Only a small group of people within the Division have access to confidential data. Users must specify their requirements to these people who then carry out the retrievals. Before release, data are subjected to stringent non-disclosure practices:
1. A perturbation weight is used in all computations of counts, amounts or other statistical analyses.
2. Any cell must contain a minimum of 5 sampled individuals (or families), otherwise it is suppressed.
3. Each cell which can be dominated by one individual (or one family) is checked for dominance and suppressed if a problem is identified.
4. Once the primary suppressions are made, complementary suppressions are made so that suppressed information cannot be discovered residually. This is an iterative process - each complementary suppression may require an additional complementary suppression. Patterns are created to keep these to a minimum.
5. Finally, the counts and amounts are rounded -- sampled counts to the nearest five, dollar amounts to the nearest $100 (or $10 if the amount is below $1,000).
6. Totals and percentages are based on rounded means and counts to prevent the unravelling of non-disclosure procedures.
Outside of these general guidelines, special cases may sometimes require case by case evaluation by a committee.

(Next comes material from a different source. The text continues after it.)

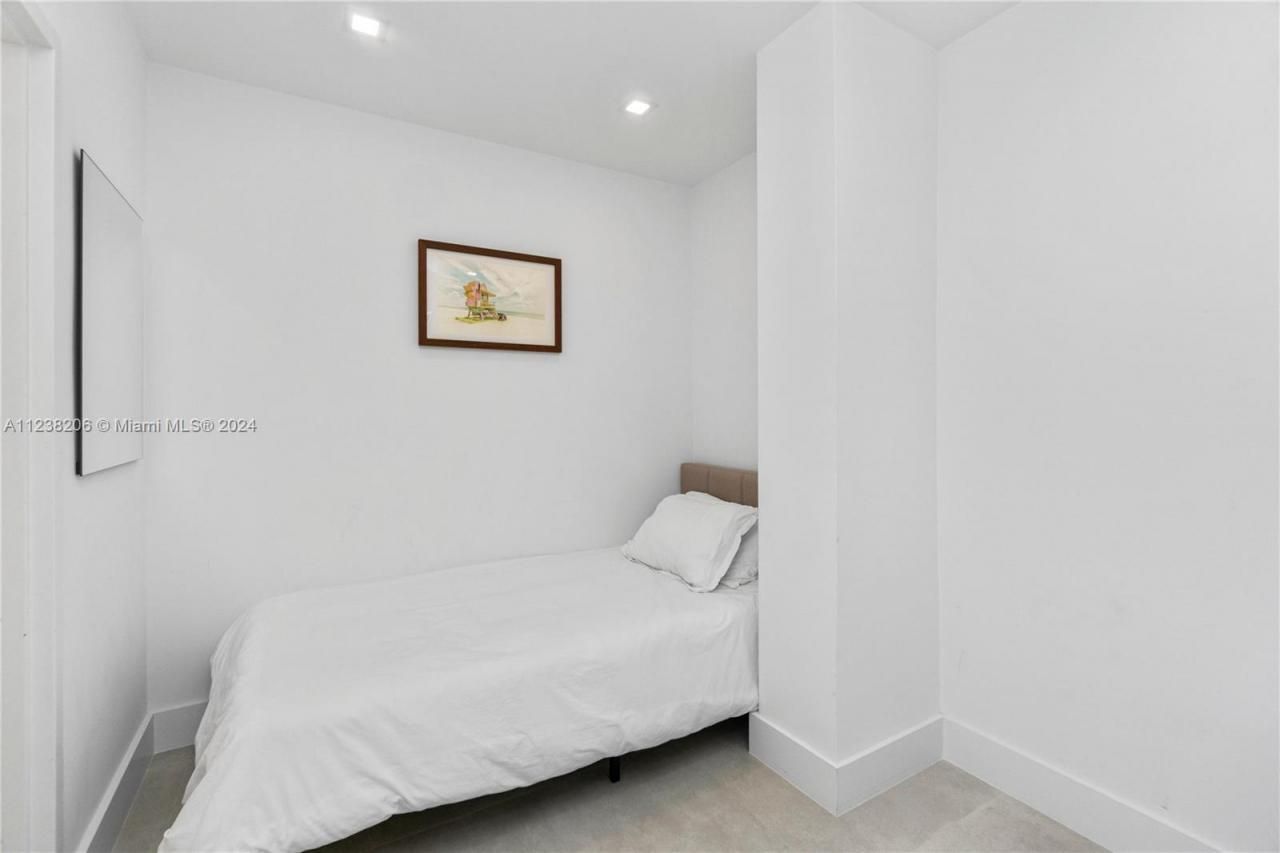 100 Lincoln Rd, Unit 1608, Miami Beach, FL 33139 Photo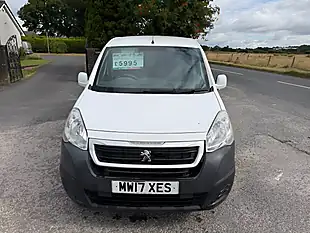 Used 2017 Peugeot Partner S White - Interior and Exterior details 10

Revisions and seasonal adjustment
No calendarization, benchmarking or seasonal adjustments are performed on the dataset. Specific projects using the dataset may choose to adjust weights for the filing rate (as compared for example to official population estimates) or benchmark using the T4 control totals for employment earnings. In general, no adjustments are made and there is no policy of regular revisions.
Dollar amounts are always stored in current dollars as provided on the tax returns. Specific analyses may choose to deflate, inflate or not the amounts to constant dollars using appropriate indices for multi-year comparisons.
Details on cross-sectional data accuracy may be consulted under the entry for the T1 Family File (T1FF, record number 4105). The main departures from the T1FF are the sampling and the longitudinal components.
Since the Longitudinal Administrative Data's sampling rate is relatively high at 20%, the variation due to sampling is quite low for relatively small populations. For example, for population counts of individuals with specific characteristics, the coefficient of variation (CV) due to sampling error is 20% or less when the population has 100 or more units, less than 10% when population exceeds 400 and less than 2% for populations of 10,000 or more. When calculating percentages of a population with specific characteristics, the CV due to sampling would be less than 10% as long as the population count is 400 people or more and the estimated percentage is 50% or more or if the population count is 1000 people or more and the estimated percentage is above 20%.
For longitudinal projects, the coverage will be lower than that observed in any single cross-sectional year: the main restriction is the inability to follow individuals without a reliable identifier. Furthermore, the individual usually must be included in both of the study years. For example, when studying one-year transitions, 96.1% of individuals with a record for 2003 income reference year also have one in 2004. Emigration or death accounts for 0.8% of the original 2003 group so 3% remain unexplained missing; these could be non-filers or late filers in 2004. When studying the composition of the 2004 cohort, 94.9% were also in the 2003 file, 2.7% had never filed before or moved to Canada in 2004 and 2.4% were non-filers or late filers in 2003 (of these, 57.8% had filed in 2002). The study of longer periods would result in more observations with a least one missing year of income data.